39:57 Right, exactly.

39:58 You don't have to have a better reason than for fun, and I'm not trying to say that that's not a valid reason.

40:03 But, like, I think for that to kind of take over from the CPython interpreter, which I know is not a goal, it would have to, like, convince that community that's currently maintaining the CPython interpreter that Rust is going to be a better way forward.

40:16 If they can do that and sort of replace it and become the leader, that would be an amazing outcome.

40:22 But I think that's a real uphill struggle.

40:25 It would be an interesting outcome, but certainly with Rust being so new and C being so, such a stalwart, right?

40:31 Like, it's the foundation of so many things.

40:34 It would be an interesting conversation for sure.

40:39 This portion of Talk Python to Me is brought to you by Microsoft and Azure Pipelines.

40:43 Azure Pipelines is a CI-CD service that supports Windows, Linux, and Mac.

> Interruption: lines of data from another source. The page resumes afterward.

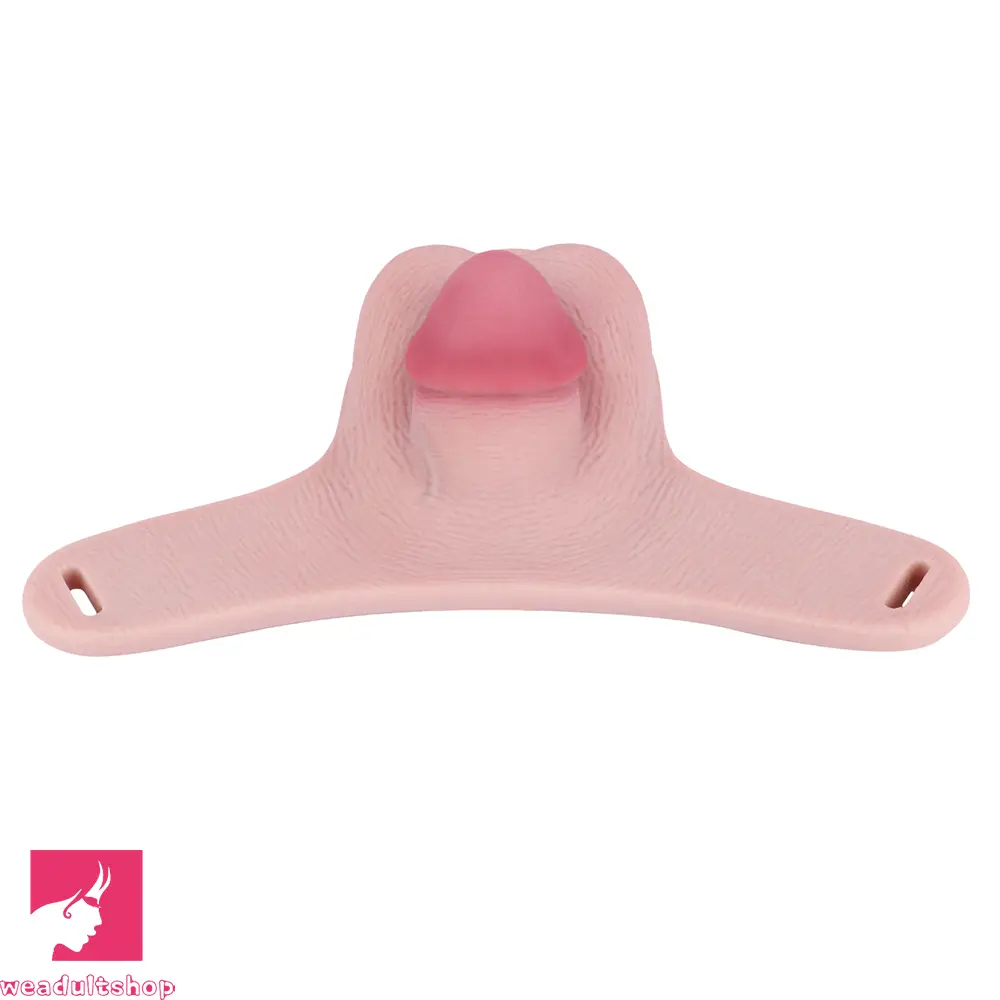 3.34in Real Hollow Chastity Cage Dildo For Prostate Hands-free Using Sex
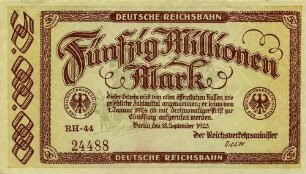 Gutschein - 50 Mill. Mark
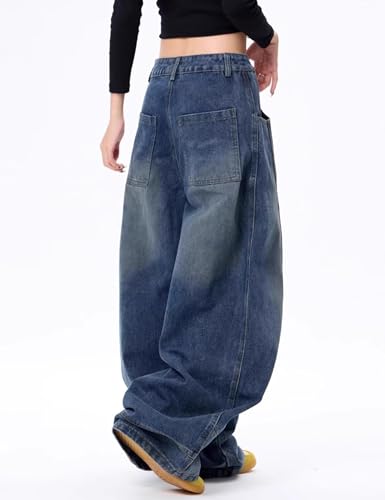 Baggy Jeans for Women Men Wide Leg Jeans High Waisted Vintage Casual Trendy Denim Pants2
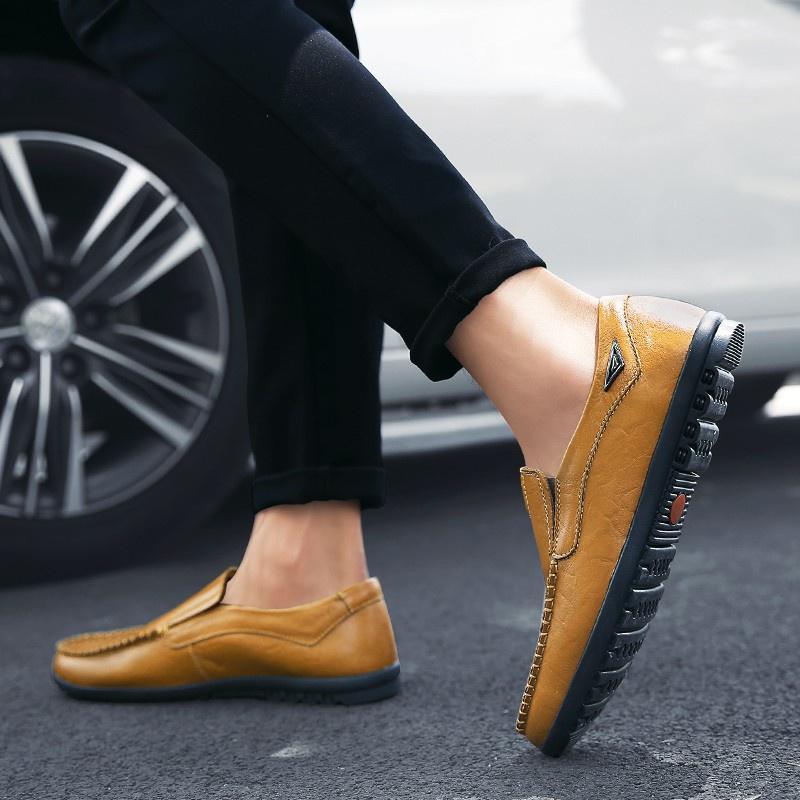 Giày Da Bò Thật Cho Nam, Giày Thời Trang Thường Ngày, Cao Su Chống Trượt Shoes 5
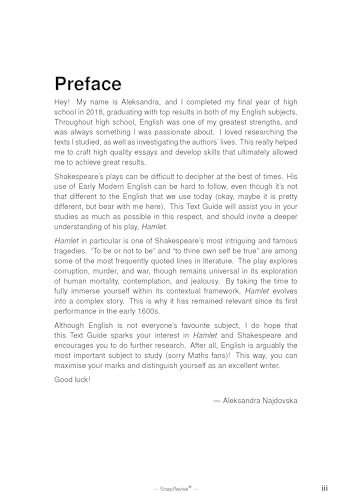 Hamlet Text Guide: English Literature Revision Book | Includes Analysis, Key Quotes, Character Insights, and Sample Essays for Top Grades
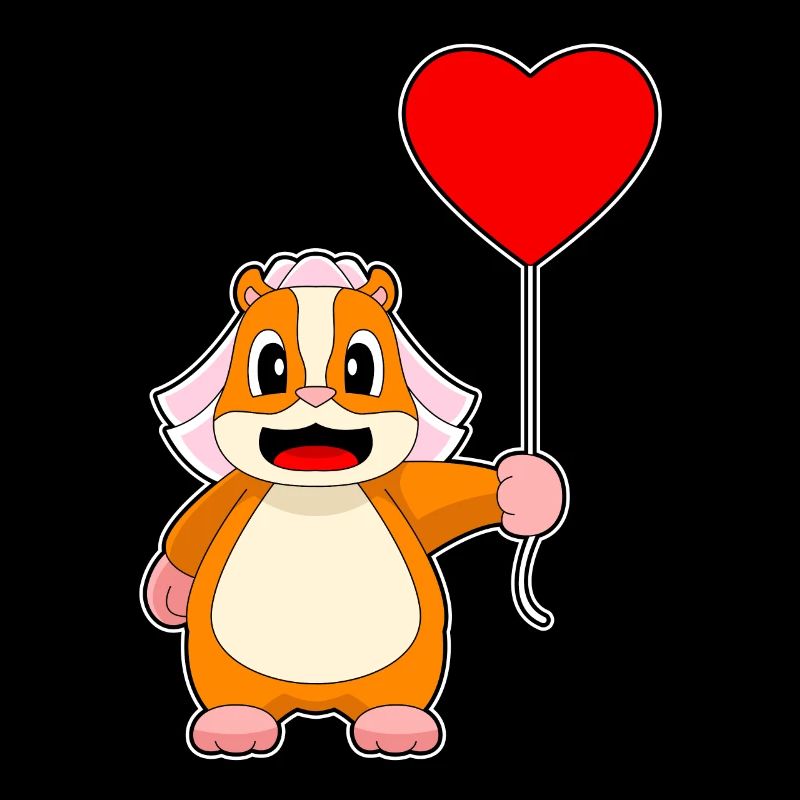Hamster Braut Herz Hochzeit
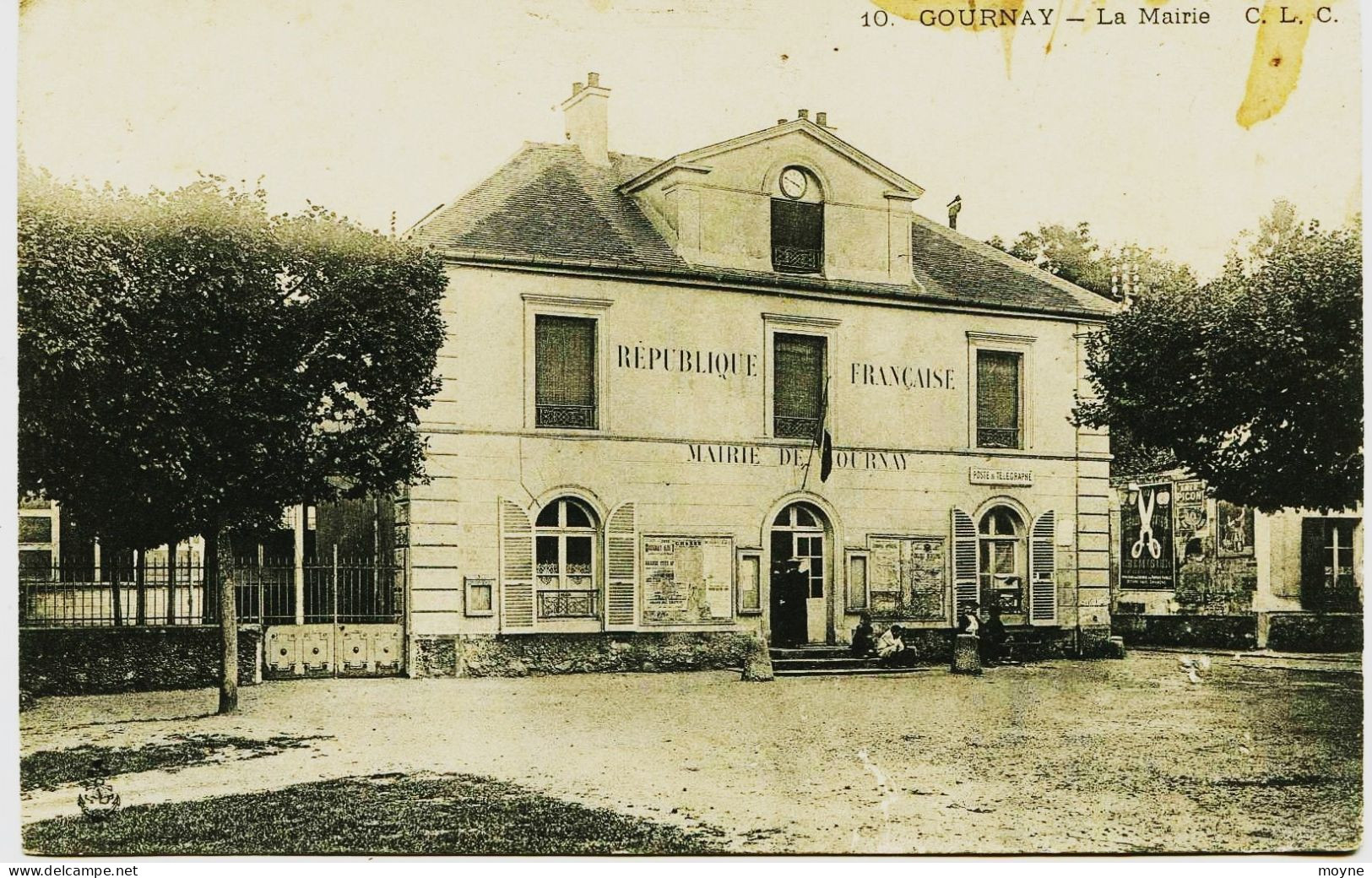 3603 - Seine Saint Denis -  GOURNAY Sur MARNE  :  LA MAIRIE - Gournay Sur Marne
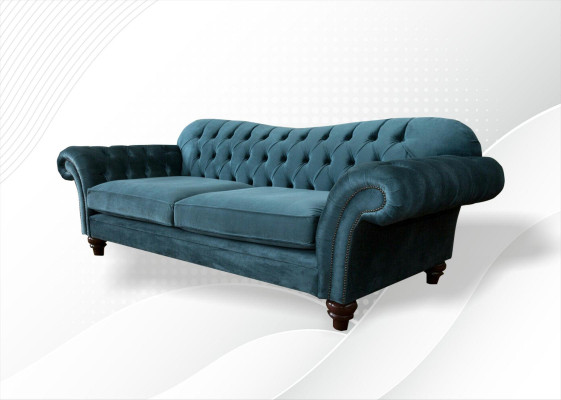 Sofa Luxury Textile Chesterfield Couch Sofas Upholstery Big 3 Seater Suite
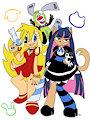 Brandy & Kitty With Mr. Whiskers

40:47 It lets you run automatic builds and tests of your Python code on each commit or pull request.

40:53 It is fully integrated with GitHub, and it lets you define your continuous integration and delivery pipelines with a simple YAML file.

40:58 Azure Pipelines is free for individuals and small teams.

41:01 If you're maintaining an open source project, you'll even get unlimited build minutes and 10 concurrent pipelines.

41:07 Many Python projects are already using Azure Pipelines.

41:10 So get started for free at talkpython.fm/Microsoft.

41:16 I guess what I'm thinking also is, like, it's interesting that people have these, hey, I want to learn Rust, and let me do that by trying to rewrite CPython and Rust.

41:26 These are interesting and, like you say, super good goals, and people, I'm sure, are getting a lot out of it.

41:30 But I'm more thinking of, like, what if you rethought what it meant to be the runtime for Python specifically optimized for WebAssembly?

41:42 You know what I mean?

41:42 You try to make it, like, 99% compatible, and so you can bring in C libraries and stuff like you can through WebAssembly.

41:50 But is there an opportunity to, like, truly rethink CPython, not just rewrite it with the different syntax and compilers?

41:57 Yeah, that's a really good question.

41:58 I think...

41:59 I don't know the answer.

42:00 Yeah.

42:01 Just interesting to think about.

42:02 Yeah.

42:03 I think one of the things that a lot of various projects have kind of worked on rethinking the Python interpreter has sort of been, what if we can assume that there's a really good JIT around, right?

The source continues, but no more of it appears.